(Exercise materials begins)

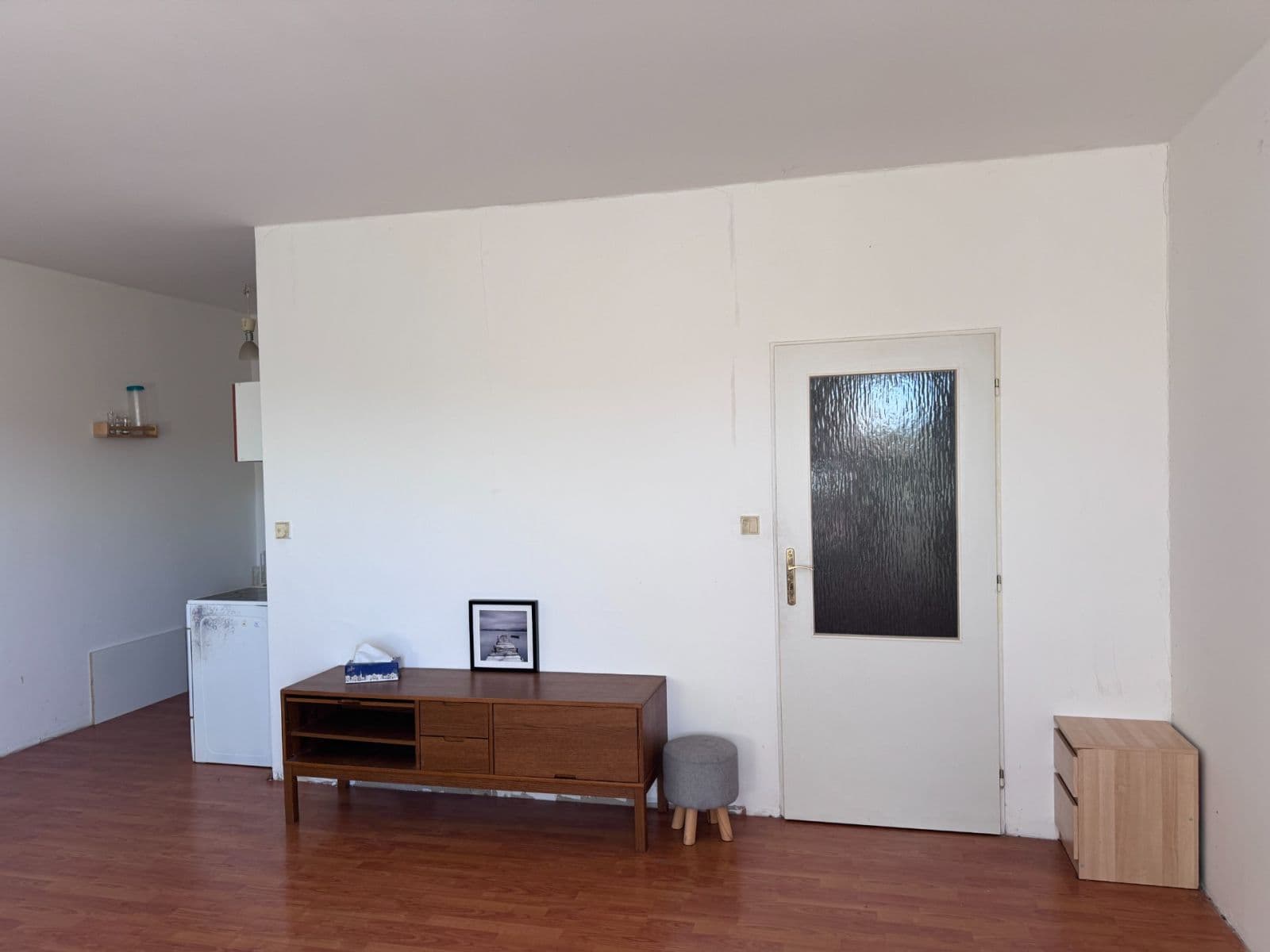 Pronájem bytu Garsoniéra 38 m², K Sídlišti, Tmaň, Středočeský kraj Pronájem bytu Garsoniéra 38 m², K Sídlišti, Tmaň, Středočeský kraj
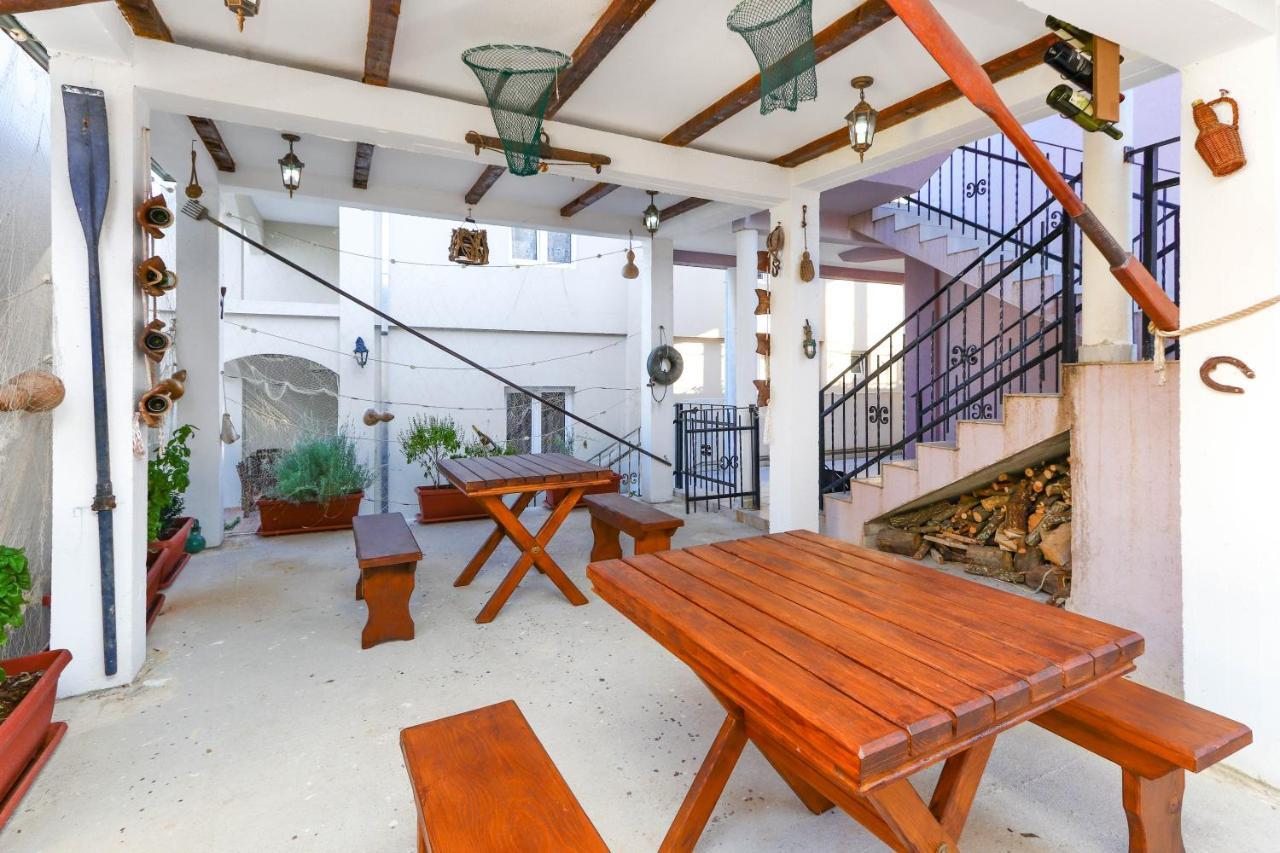 Apartments Bella Di Boka Tivat Exterior photo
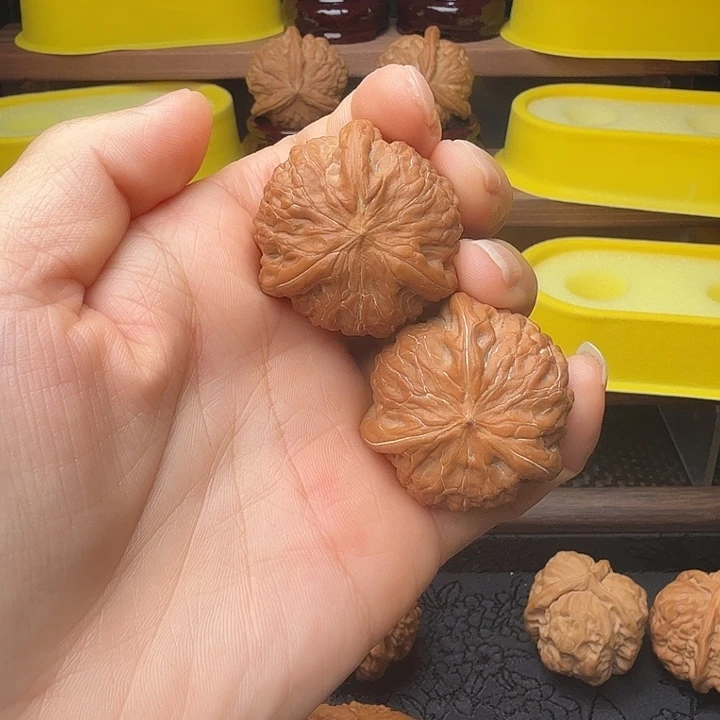 文玩核桃吊坠铁锤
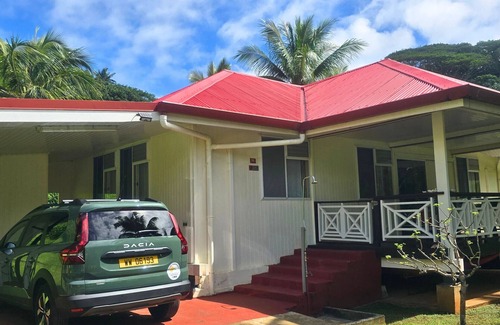 Huahine Ski Chalet | Indulge in Relaxation at HUAHINE - Fare Teakavehere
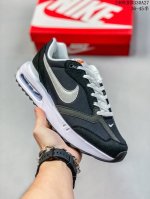 Nike Air Max Dawn 黎明系列 低帮气垫百搭休闲运动慢跑鞋 新鞋款带来新的外底和鞋帮额外尺寸为鞋子的耐久设计线条增添了新能量。从配色上彰显出浓厚的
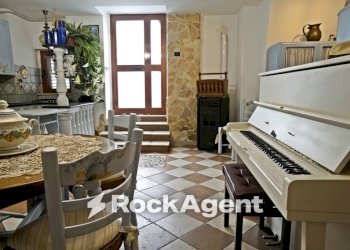 Salone - Appartamento via Casalnuovo, 23, Montescaglioso - foto 1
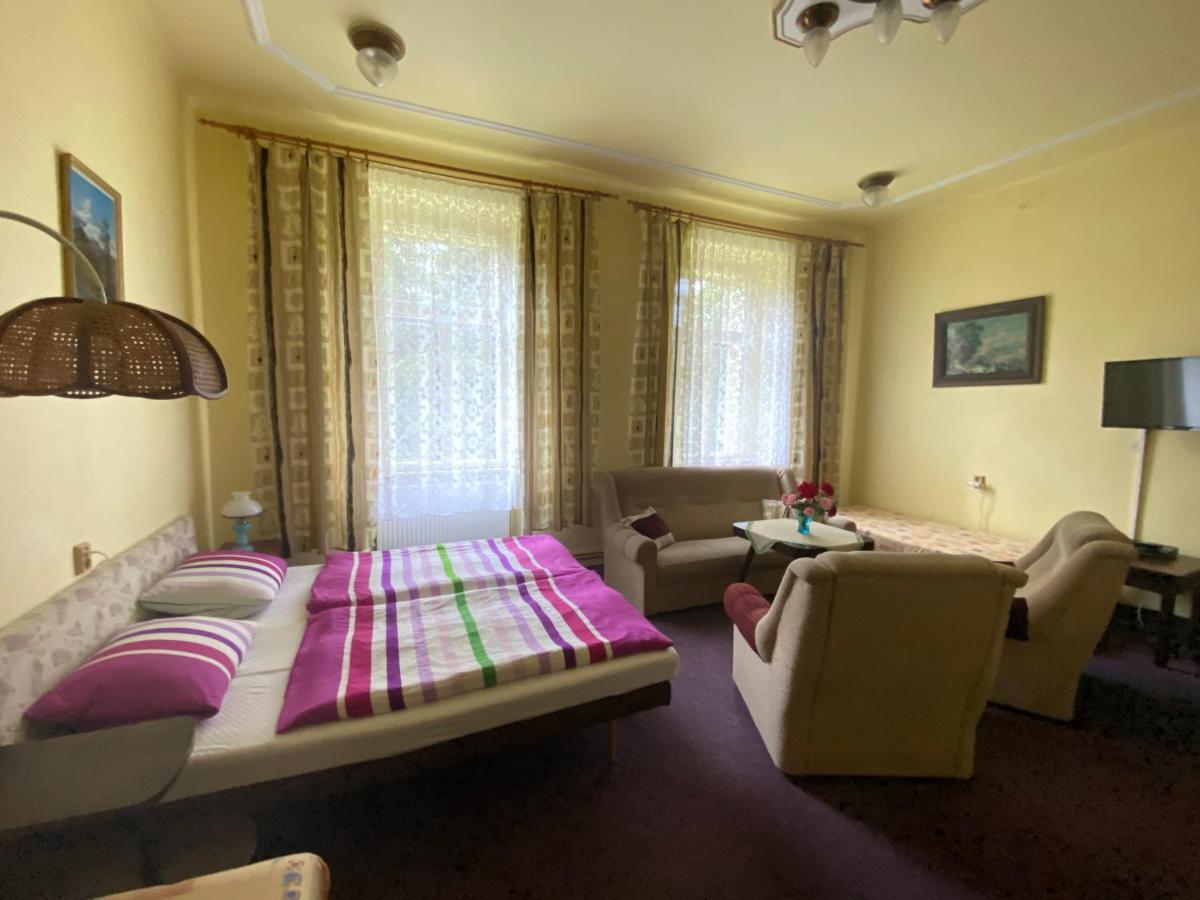 Appartamento con 3 Camere da Letto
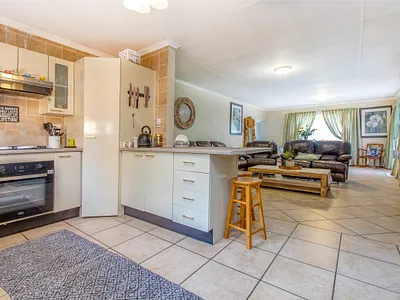 3 Bedroom Townhouse For Sale in Roodepoort - 7fuR.webp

(Exercise materials ends)

Aside from the pictures, copy all of the entries exactly.

**Answer area**
 Pronájem bytu Garsoniéra 38 m², K Sídlišti, Tmaň, Středočeský kraj Pronájem bytu Garsoniéra 38 m², K Sídlišti, Tmaň, Středočeský kraj
 Apartments Bella Di Boka Tivat Exterior photo
 文玩核桃吊坠铁锤
 Huahine Ski Chalet | Indulge in Relaxation at HUAHINE - Fare Teakavehere
 Nike Air Max Dawn 黎明系列 低帮气垫百搭休闲运动慢跑鞋 新鞋款带来新的外底和鞋帮额外尺寸为鞋子的耐久设计线条增添了新能量。从配色上彰显出浓厚的
 Salone - Appartamento via Casalnuovo, 23, Montescaglioso - foto 1
 Appartamento con 3 Camere da Letto
 3 Bedroom Townhouse For Sale in Roodepoort - 7fuR.webp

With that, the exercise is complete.